SUPPLIED ENTRIES ▸
Start of Block

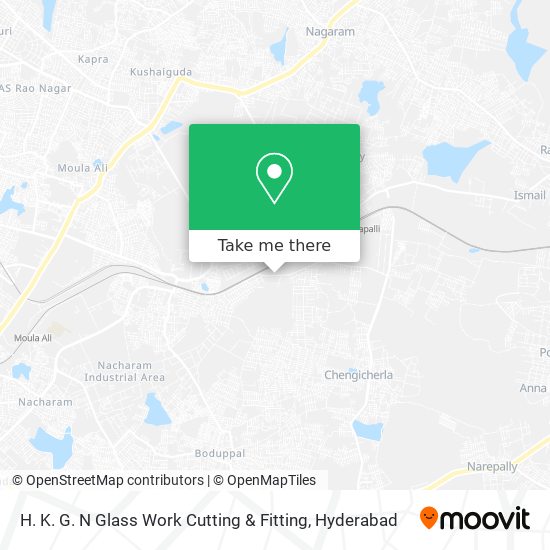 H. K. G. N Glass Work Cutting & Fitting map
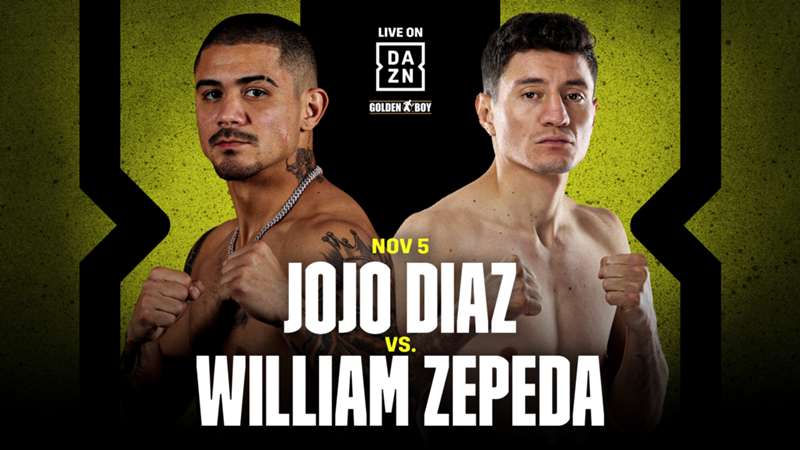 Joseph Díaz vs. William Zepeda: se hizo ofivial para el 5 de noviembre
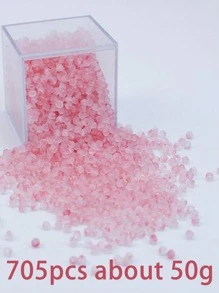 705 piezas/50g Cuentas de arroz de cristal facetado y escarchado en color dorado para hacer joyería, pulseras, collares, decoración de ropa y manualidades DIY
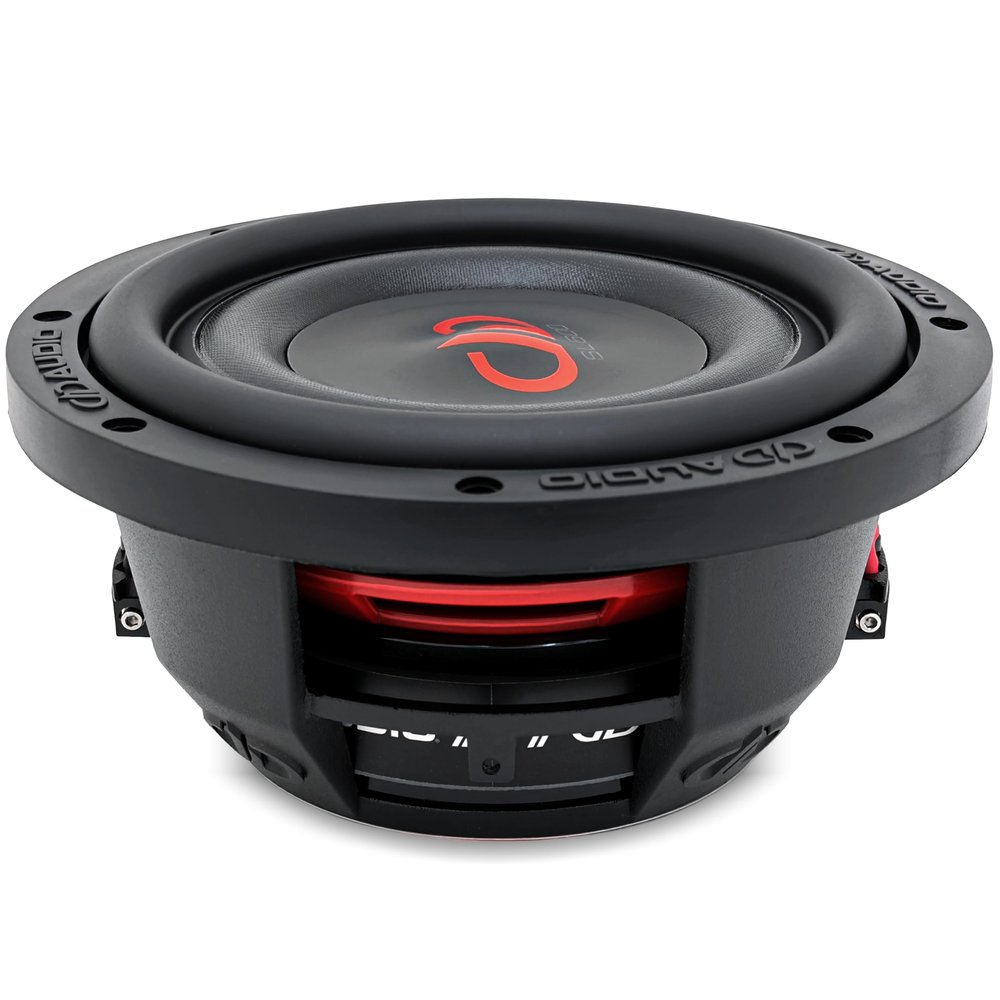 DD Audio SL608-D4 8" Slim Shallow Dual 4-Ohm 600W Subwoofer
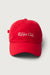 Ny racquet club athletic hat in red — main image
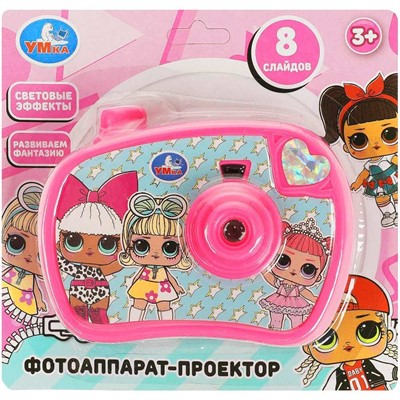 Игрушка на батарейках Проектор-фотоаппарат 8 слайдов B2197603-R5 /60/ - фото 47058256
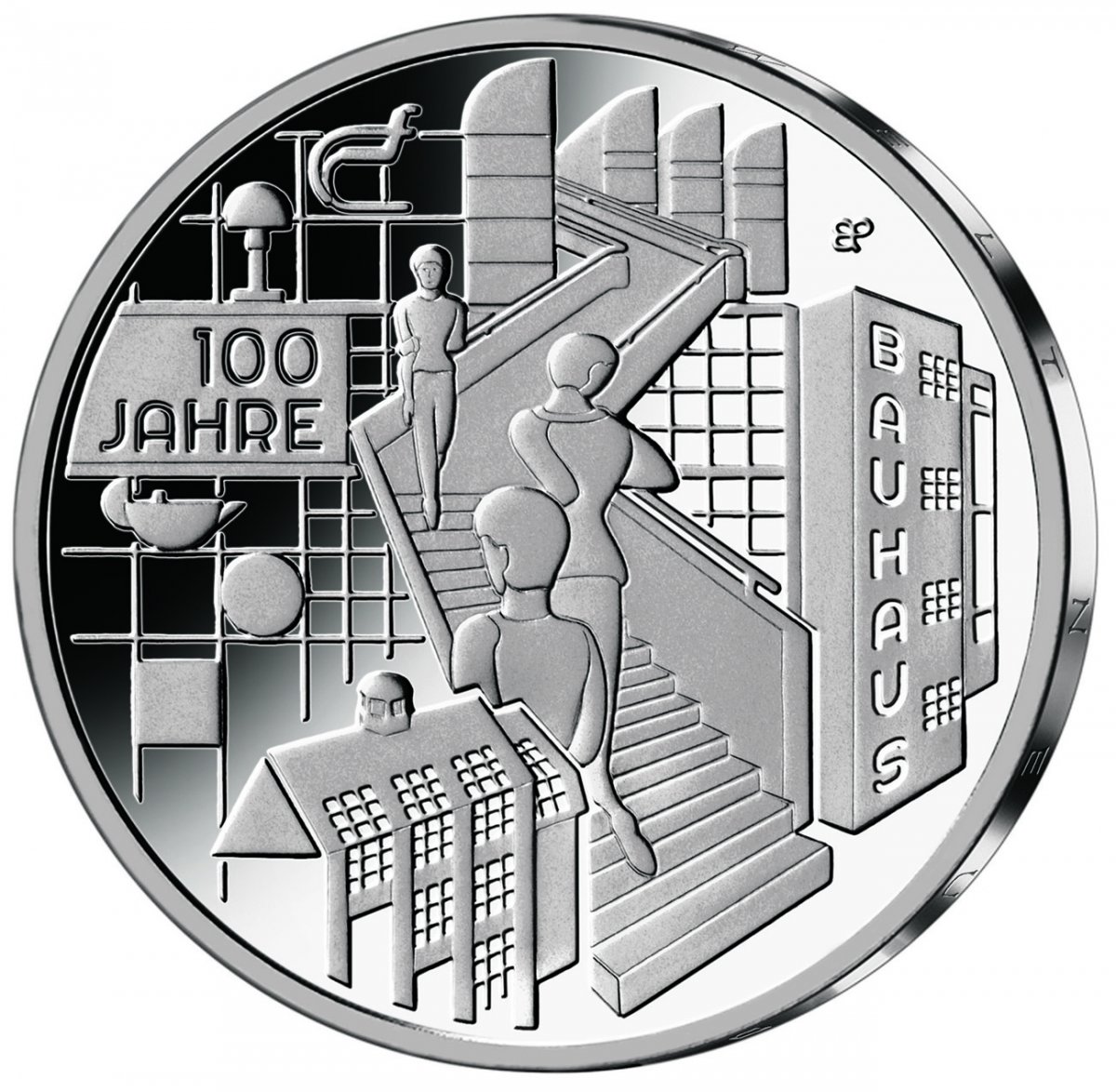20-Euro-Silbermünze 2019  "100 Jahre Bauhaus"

End of Block

TASK DESCRIPTION ▸
The output should hold only the lines from the one containing "705 piezas/50g Cuentas" through the last line of the listing, reproduced exactly, pictures omitted.

RESPONSE TO THE EXERCISE ▸
 705 piezas/50g Cuentas de arroz de cristal facetado y escarchado en color dorado para hacer joyería, pulseras, collares, decoración de ropa y manualidades DIY
 DD Audio SL608-D4 8" Slim Shallow Dual 4-Ohm 600W Subwoofer
 Ny racquet club athletic hat in red — main image
 Игрушка на батарейках Проектор-фотоаппарат 8 слайдов B2197603-R5 /60/ - фото 47058256
20-Euro-Silbermünze 2019  "100 Jahre Bauhaus"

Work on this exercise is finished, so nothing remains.